With the quota crisis causing a clear division between the Member States for several weeks, with the producing countries (calling for firm guarantees that any increase in quotas for 2005 will be deducted from the volumes to be exported in 2006 and 2007) pitted against the countries with a tradition of support for free trade, (which have spoken out in favour of the interests of the exporters and retailers and are calling for the import limits on textiles to be raised for 2005), it has finally been possible to reach agreement. The Member States, particularly the textile producing countries, have obtained "guarantees on the future management of the quotas" from the Commission, and therefore on the exceptional nature of the situation, which should not happen again in the future, said Ms Le Bail. It is worth noting that the two parties, the Europeans and the Chinese, have agreed to share the responsibility for the release of the goods: half of the 80 million garments will be considered as belonging to the quota for 2005. After some prevarication, China agreed to deduct the other half from the quotas earmarked for 2006, or to swap it for the unused 2005 quotas for a different category, cotton fabrics. The Union will, furthermore, take responsibility for the quotas exceeded on products which had obtained import licences for Europe before 12 July, the implementation date of the Shanghai agreement.
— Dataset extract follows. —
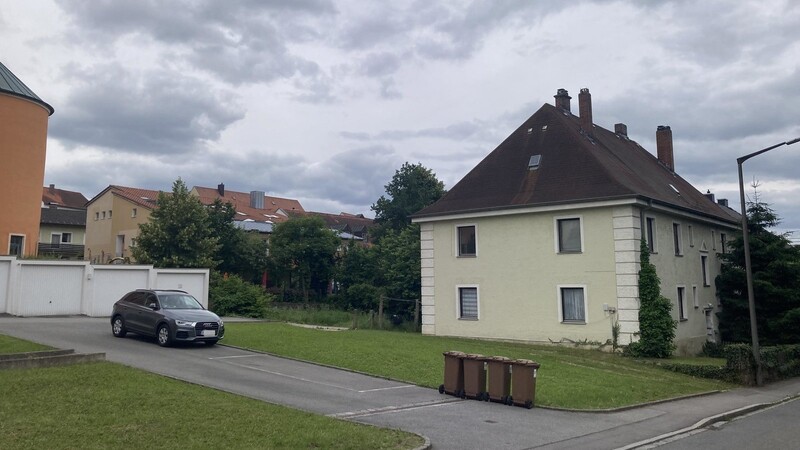 Auf zwei Grundstücken an der Gartenstraße plant die Wohnungsbau-Genossenschaft ein Mehrfamilienhaus mit elf Wohnungen. Dafür wird ein bereits leerstehendes Haus abgerissen.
Lastly, a follow-up committee to the agreement, made up of representations from both parties, will be created.
Although the agreement has come in for criticism from the European textiles industry, particularly by the industrial federation Euratex (EUROPE 9021), which sees this as the overturning of the Memorandum of Understanding of 10 June, the distributors feel that there is a risk that the same chaos could happen again next year and that many products which are still in China could be missing from European shelves this autumn. "We are satisfied with this as a short-term solution, but the agreement has many grey areas and does not remove all future uncertainty", said Ferry den Hoed, the president of the Foreign Trade Association, la FTA (an umbrella organisation for major European distributors), adding: "what it boils down to is that it could be chaos again next year". Mr den Hoed pointed out that European distributors are already placing their orders for the spring/summer season 2006. As for 2005, the distributors also feel that there will be many missing products from the categories covered by the EU-China agreement of Shanghai, and that price increases were a possible consequence of this. "Everybody is worried about the products which are being held in Europe, but we still have large quantities blocked in warehouses in China, which is granting no more export licences. Distributors are sending their buyers round the world to find substitutes. The European Commission is largely responsible for this chaos", said the FTA.